Zamanın ritmi beni göz acıtan bir aydınlığa hapsetmişti. Koşuyordum. Önümü göremiyordum. Öyle aydınlıktı ki tek bir şey bile göremiyordum. Bacaklarıma vuran yabani otların verdiği kağıt kesiği acıyı her adımda biraz daha hissediyordum. Koşuyordum. Aydınlıktan ikrah ediyordum. Bir noktada yere kapaklandığımda, beyaz elbisemin yer yer kana bulandığını gördüm. Başımı kaldırıp etrafıma bakamıyordum. Bildiğim tek şey gözlerimin alıştığı kızıllıktan çok uzak olduğuydu.

"Abla..."

Uzaklardan süzülen ve bir balyoz darbesi gibi algılarıma inen ses yeniden ayağa kalkma sebebimdi. O ince çocuk sesi kardeşim Gülnur'a aitti!

Etrafımda döndüm. Yoktu. Sesi burada ama kendisi yoktu. "Gülnur!" Göğsüm telaş ve heyecanla inip kalkarken, delirdiğimi düşündüm. Bu bile engel olamadı boğazım yırtılırcasına bağırmama. "Gülnur! Küçüğüm!"

Adım sesleri işittim. Küçük bir kıza ait olamayacak kadar büyük ve kabaydı. Zararsız olamayacak kadar hızlı ve yakındı!

"Abla..."

Ellerimi kulağıma kapattım. Kardeşim, buradaydı. Kardeşim... Neredeydi? Duyduğum sesin kafamın içinden mi yoksa olduğum yerden mi geldiğini bir türlü ayırt edemiyordum. Kalp atışlarım göğüs kafesime hükmederken "Gülnur," diye fısıldadım bu kez. "Ne olur... ne olur..."

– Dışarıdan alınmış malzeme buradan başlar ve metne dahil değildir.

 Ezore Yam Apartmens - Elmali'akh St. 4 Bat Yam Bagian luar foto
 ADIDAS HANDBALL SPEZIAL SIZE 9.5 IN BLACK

Ellerimin kulaklarımdan kayıp gitmesine sebep olan manzara Temur Alizen'e aitti. Nereden çıktığını bilmiyordum ama burada, karşımdaydı. Anlamıştım, onun aydınlık cehennemindeydim.

Bana kollarını açıp gülümserken, küçük, yeşil gözleri yengiyle ışıldıyordu. "Kraliçem," dedi, kalın ve tok sesiyle. "Evinden kaçmamalısın."

Başımı iki yana sallamak istedim ama bunu yapamayacak kadar titriyordum. "Kardeşim." Sesim ağlamaklıydı. Oysa onun karşısında ağlamak düşeceğim son durum bile olmamalıydı.

Daha fazla güldü. Çok daha fazla ve çok daha fazla tehlikeli... "O... Çok tatlı bir kız. En az ablası kadar da güzel."

İçime yayılan acı buraya düştüğümden beri çektiğimin tamamıyla eş değerdi. Bu gerçek miydi? İnanmak istemiyordum. "K-karde-"

"Neden gelip kardeşini görmüyorsun?" Beyaz pelerininden sıyrılan koluyla bana avucunu açtı. Avuçlarında benim için kazılmış bir mezar vardı. Benden o mezara diri diri girmemi istiyordu. "Gel, seni ona götüreceğim."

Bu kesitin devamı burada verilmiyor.